They are on your mobile phones and computer screens, in newspapers and magazines, stretched across billboards and broadcast through radio waves. They are mediated messages, and you are inundated with them every day.

With so many viewpoints, it’s hard to separate fact from fiction. To guide your exploration of the media that surround you, the Center for Media Literacy developed these five core concepts:

1. All media messages are constructed.

Media texts are built just as surely as buildings and highways are built. The key behind this concept is figuring out who constructed the message, out of what materials and to what effect.

2. Media messages are constructed using a creative language with its own rules.

Each form of communication has its own creative language: scary music heightens fear, camera close-ups convey intimacy, big headlines signal significance. Understanding the grammar, syntax and metaphor of media language helps us to be less susceptible to manipulation.

3. Different people experience the same media message differently.

Audiences play a role in interpreting media messages because each audience member brings to the message a unique set of life experiences. Differences in age, gender, education and cultural upbringing will generate unique interpretations.

4. Media have embedded values and points of view.

Because they are constructed, media messages carry a subtext of who and what is important — at least to the person or people creating the message. The choice of a character’s age, gender or race, the selection of a setting, and the actions within the plot are just some of the ways that values become “embedded” in a television show, a movie or an advertisement.

5. Most media messages are organized to gain profit and/or power.

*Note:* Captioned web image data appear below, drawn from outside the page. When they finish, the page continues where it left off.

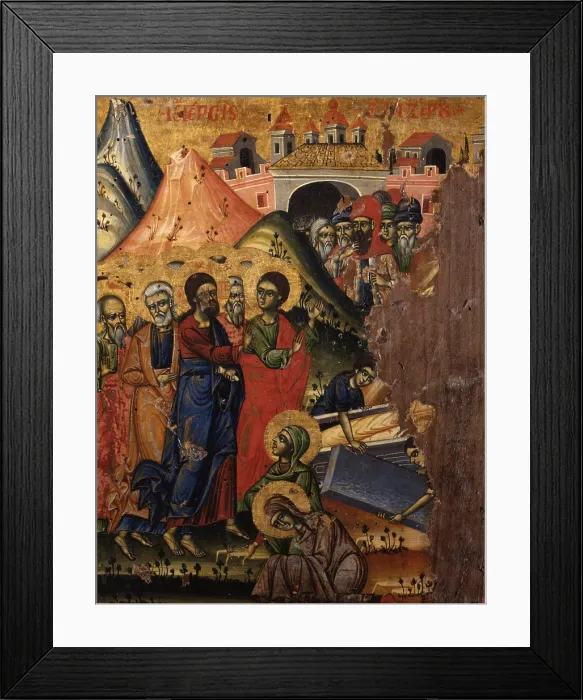 Framed Print : Lazzarus Resurrection, by Joani etiri, 17th Century, tempera on wood - Albania, Tirana, Institute for Cultural Monuments. Whole artwork view Framed Print : Lazzarus Resurrection, by Joani etiri, 17th Century, tempera on wood - Albania, Tirana, Institute for Cultural Monuments. Whole artwork view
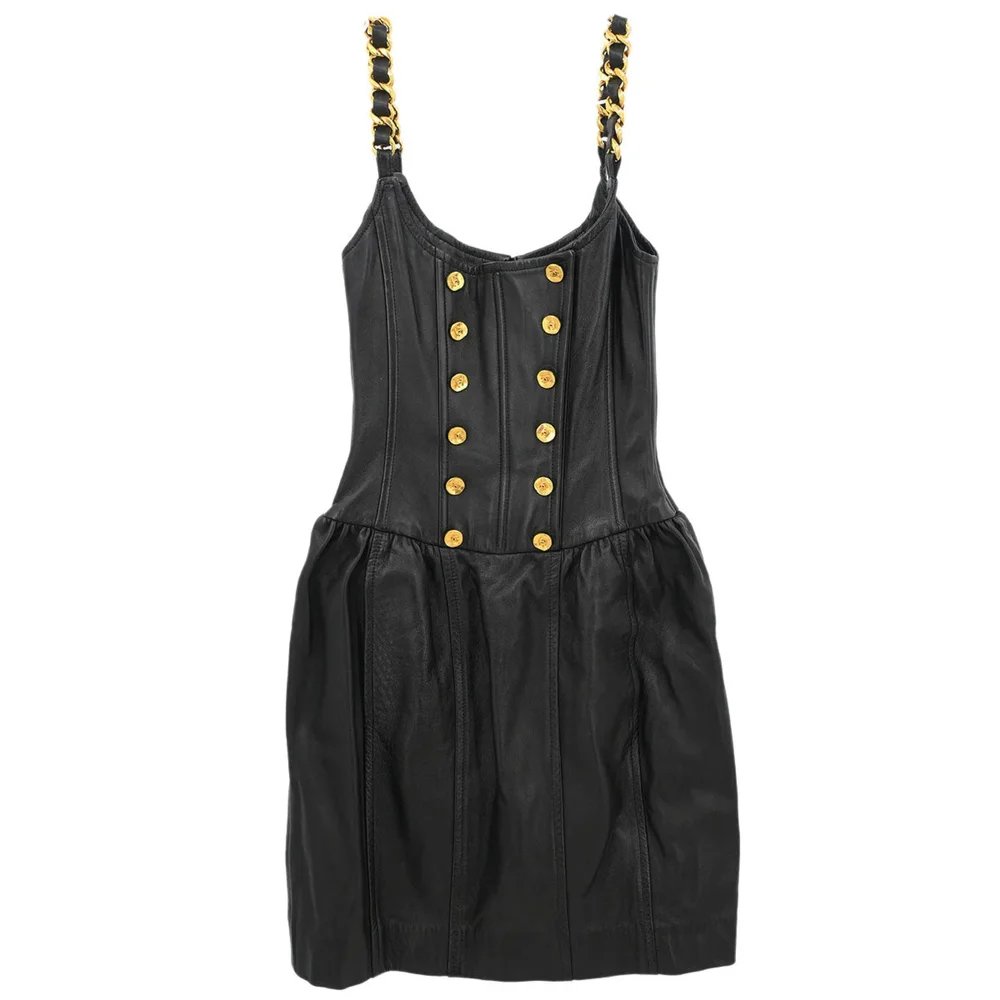 chanel leather dress 1993 Black Gold Fishbone Chain CC Buttons closet_11759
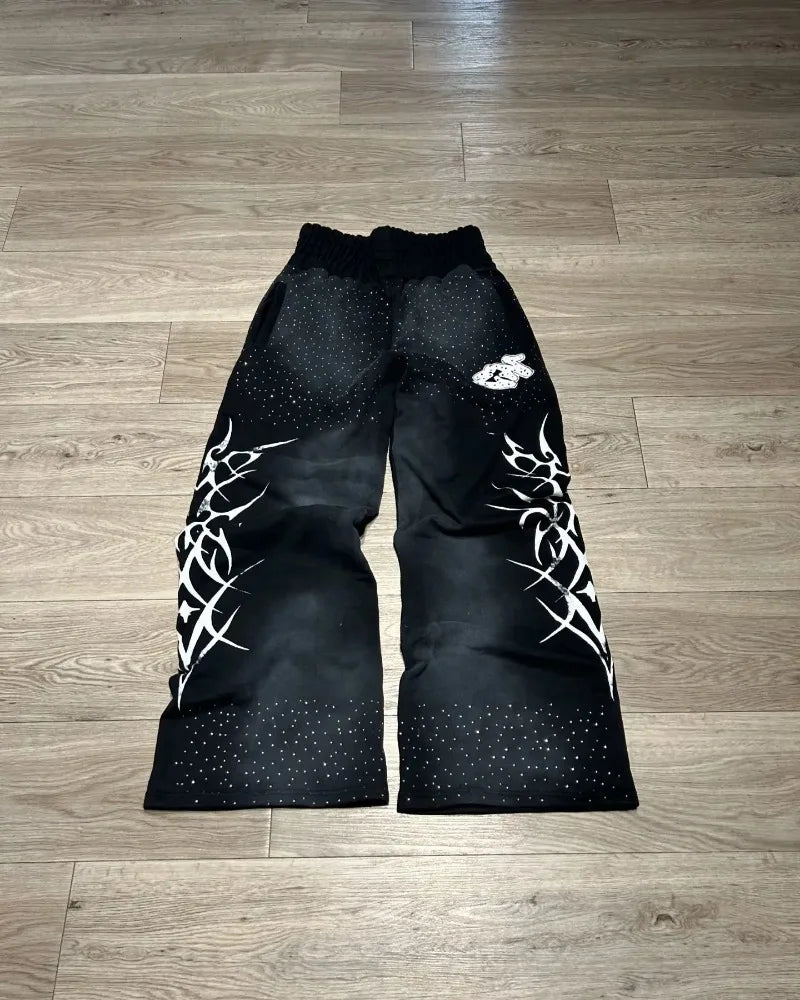 y2k american high street brand fashion loose floor length pants men harajuku retro gothic punk printed oversized trousers women unique default style 3779
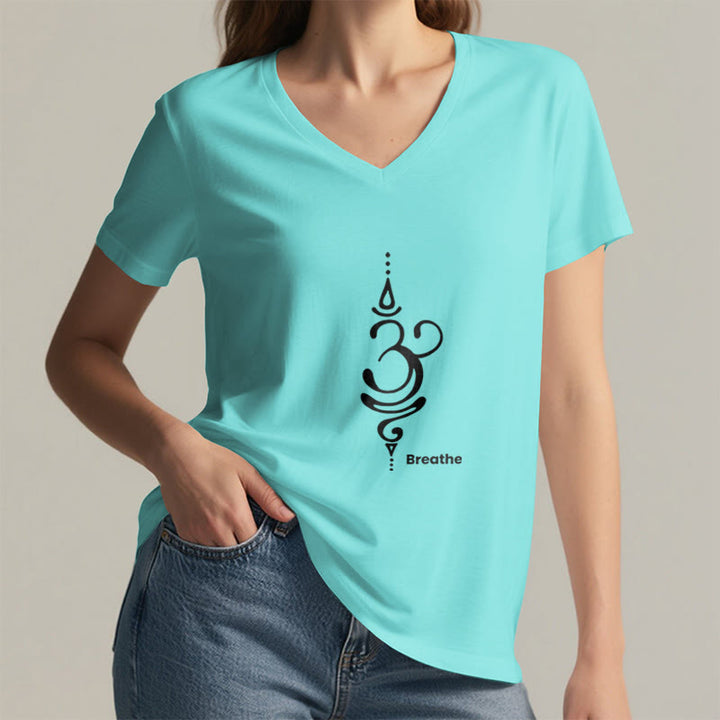 Olivenorma Breathe Symbol - Maglietta da meditazione yoga in cotone a maniche corte con scollo a V da donna - image 17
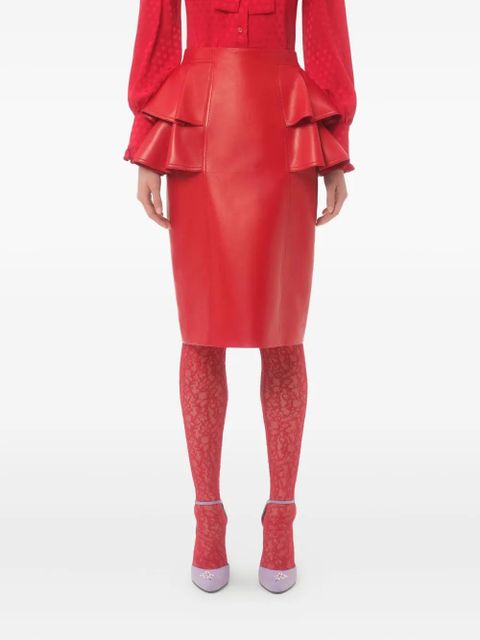Valentino Garavani leather midi skirt - Red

Much of the world’s media were developed as money-making enterprises. Newspapers and magazines lay out their pages with ads first; the space remaining is devoted to news. Likewise, commercials are part and parcel of most television watching. Now, the Internet has become an international platform through which groups or individuals can attempt to persuade.

By considering the core concepts behind every media message, you equip yourself with an ability to analyze and interpret a message — and to accept or reject its legitimacy.

To learn more about these core concepts, download the Center for Media Literacy’s free toolkit. The Center for Media Literacy is an organization that helps people make sense of today’s complex media environment.

Learn how you can stand for integrity on our YALIUnites page.

Media literacy involves a specialized language. The following list of definitions will help as you interact with the media.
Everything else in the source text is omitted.